#### INFORMATION SHOWN:
+===+

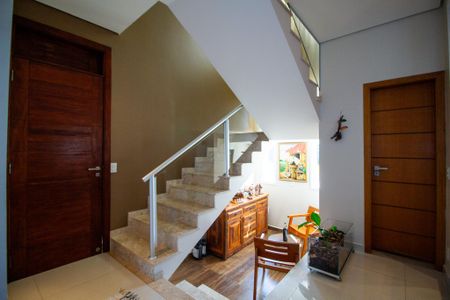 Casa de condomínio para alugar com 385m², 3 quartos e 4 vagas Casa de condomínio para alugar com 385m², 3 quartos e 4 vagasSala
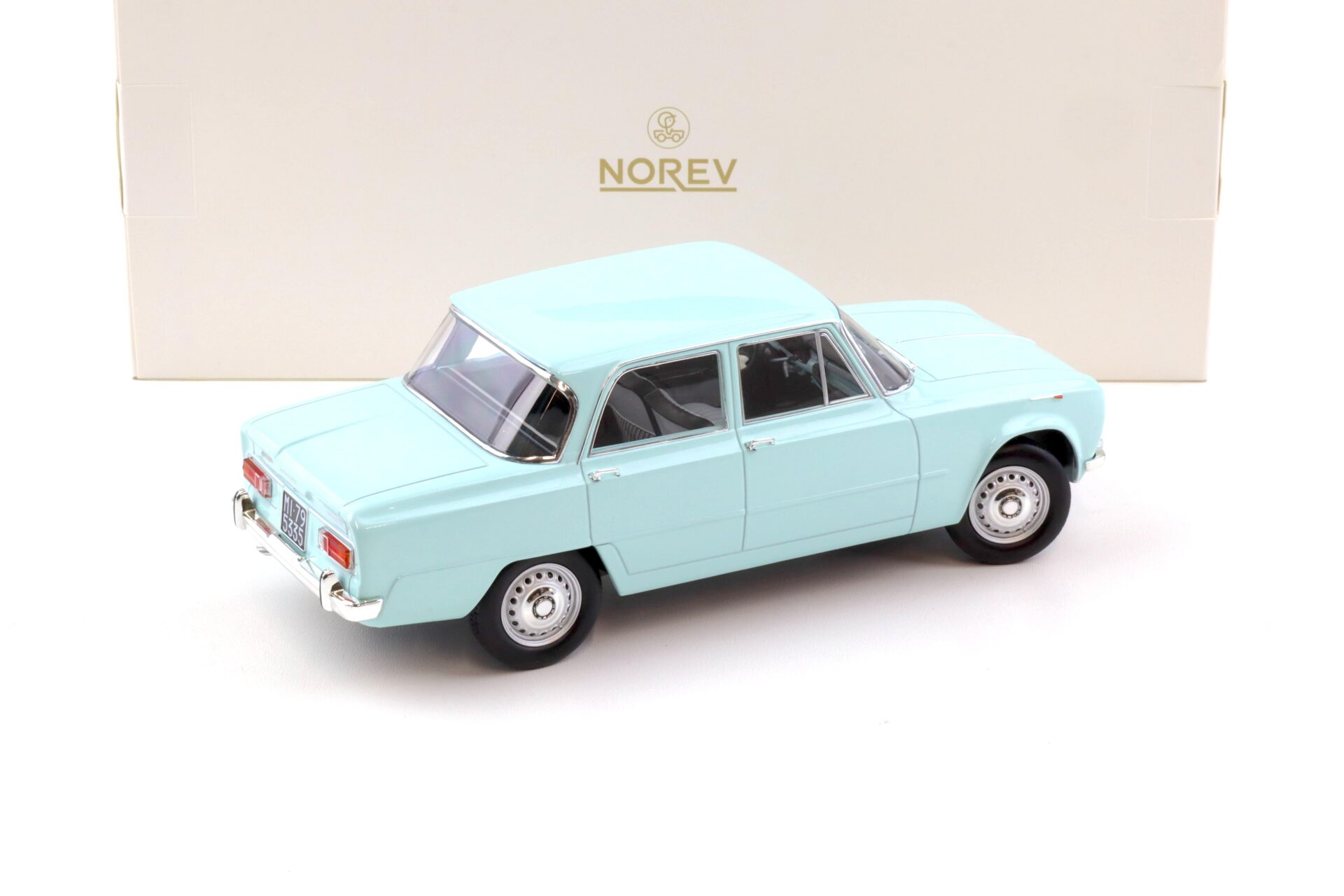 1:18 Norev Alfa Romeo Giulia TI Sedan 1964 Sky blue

+===+

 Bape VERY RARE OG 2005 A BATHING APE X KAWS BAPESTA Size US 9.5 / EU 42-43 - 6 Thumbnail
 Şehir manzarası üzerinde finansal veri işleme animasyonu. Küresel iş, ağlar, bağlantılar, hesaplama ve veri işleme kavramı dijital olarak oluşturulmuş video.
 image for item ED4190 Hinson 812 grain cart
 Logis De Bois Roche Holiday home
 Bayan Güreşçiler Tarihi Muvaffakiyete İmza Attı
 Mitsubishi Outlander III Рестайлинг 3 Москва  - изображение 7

+===+

#### ASSIGNMENT:
Copy out, exactly and alone, the lines of the entries above between the ones holding "image for item ED4190 Hinson 812 grain cart" and "Mitsubishi Outlander III", inclusive.

#### RESPONSE BELOW:
 image for item ED4190 Hinson 812 grain cart
 Logis De Bois Roche Holiday home
 Bayan Güreşçiler Tarihi Muvaffakiyete İmza Attı
 Mitsubishi Outlander III Рестайлинг 3 Москва  - изображение 7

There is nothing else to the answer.